2025 Kia Tasman ute spy photos: This is the real thing - SUV VEHICLE

2025 Kia Tasman ute spy photos: This is the real thing


The final design for the Australia-bound Kia ute has been caught on camera at last, after months of test ‘mules’ wearing bodywork improvised from other Kia models.

Images via Woopa TV on YouTube.

The 2025 Kia Tasman ute has been photographed in its showroom-bound bodywork for the first time, ahead of Australian showroom arrivals due in mid-2025.

Previous photos of the Kia Tasman – a dual-cab diesel rival for the Toyota HiLux and Ford Ranger – have shown test ‘mules’ with temporary bodywork derived from the Kia Mohave SUV sold in South Korea.

Now Kia’s new ute has been caught wearing its final bodywork in a YouTube video from South Korean creator Woopa TV – with bold, blocky styling that looks to be more upright and imposing than its rivals.

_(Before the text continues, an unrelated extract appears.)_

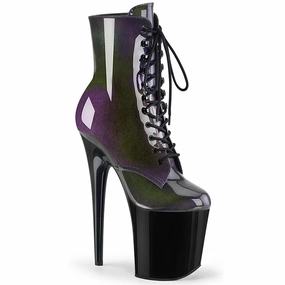 Pleaser Flamingo-1020SHG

Of note are the large windows, which contribute to a body that is noticeably taller than a Ford Ranger or Toyota HiLux – vehicles which are already close to about 1.9 metres high on highway-terrain tyres.

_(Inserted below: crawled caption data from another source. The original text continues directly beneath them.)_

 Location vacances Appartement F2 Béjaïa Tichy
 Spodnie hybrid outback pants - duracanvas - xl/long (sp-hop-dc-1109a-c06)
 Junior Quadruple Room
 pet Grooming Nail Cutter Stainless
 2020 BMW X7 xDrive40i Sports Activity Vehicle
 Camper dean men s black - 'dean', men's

Highlights visible through the gaps in the heavy camouflage include a bluff front fascia with low-set headlights and a large grille – with a Kia badge that appears to sit on the leading edge of the bonnet.

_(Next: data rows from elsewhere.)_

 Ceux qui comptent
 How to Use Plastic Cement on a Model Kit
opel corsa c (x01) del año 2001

There is black panelling on the top of the flared wheel arches, a steep windscreen, and LED tail-lights that look to be more compact than a Ranger, HiLux or other rival.

The 265/65 R17 profile of the tyres – with a 30.6-inch (777mm) diameter – makes them slightly smaller a Ford Ranger XLT (255/70 R17, 31.1-inch diameter), a match for a Toyota HiLux SR, and larger than an Isuzu D-Max LS-M (255/65 R17, 30.1-inch diameter).

Visible in the spy video is leaf-spring rear suspension, a step on the rear bumper for easy access to the tray, and – according to the presenter – space for a battery pack in the middle of the chassis, for an electric variant due in 2026.

Further images (below) posted by New Autopost – via The Korean Car Blog – provide a look at its wheel design.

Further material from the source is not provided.